- DATA SHOWN:
_ _ _ _ _
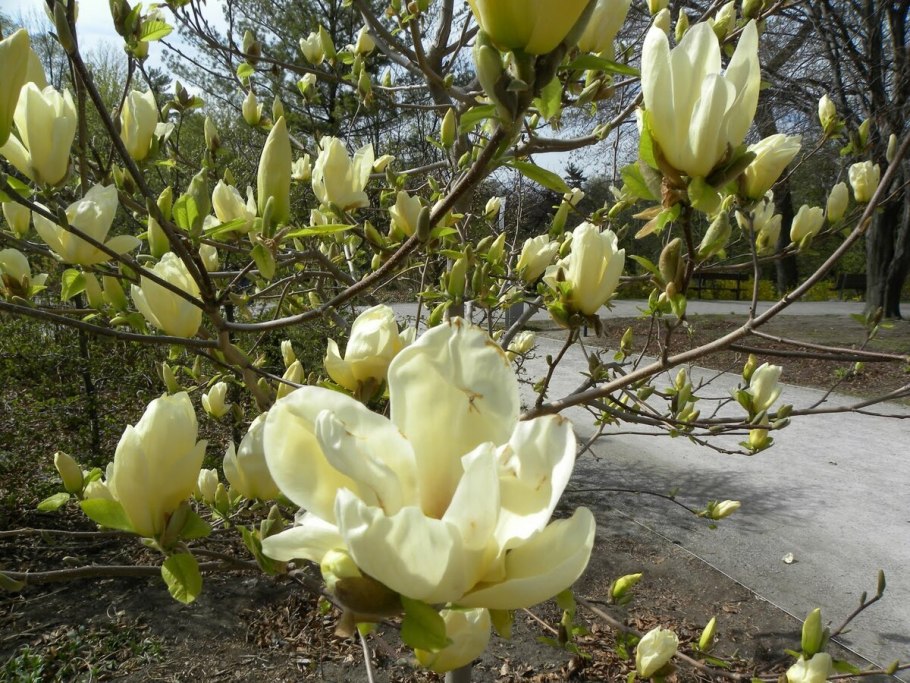 Магнолия элизабет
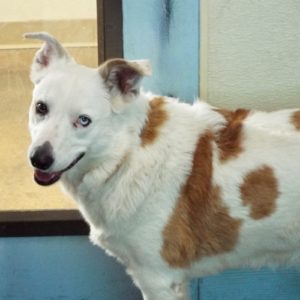 Picture of Nana Banana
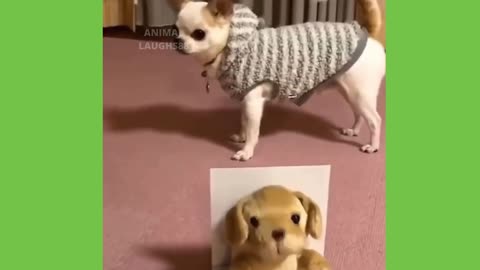 Which One Is More Cute? The Cat Or The Dog?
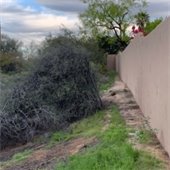 Scottsdale Rd. NAOS clearning project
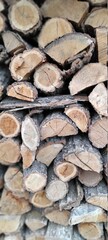 Fototapeta premium stack of firewood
_ _ _ _ _
- EXERCISE GOAL: From the line holding "Picture of Nana Banana" through the last line of the material above, each line should be written out exactly, both included; omit the pictures.

- SOLUTION TO THIS PROBLEM:
 Picture of Nana Banana
 Which One Is More Cute? The Cat Or The Dog?
 Scottsdale Rd. NAOS clearning project
 Fototapeta premium stack of firewood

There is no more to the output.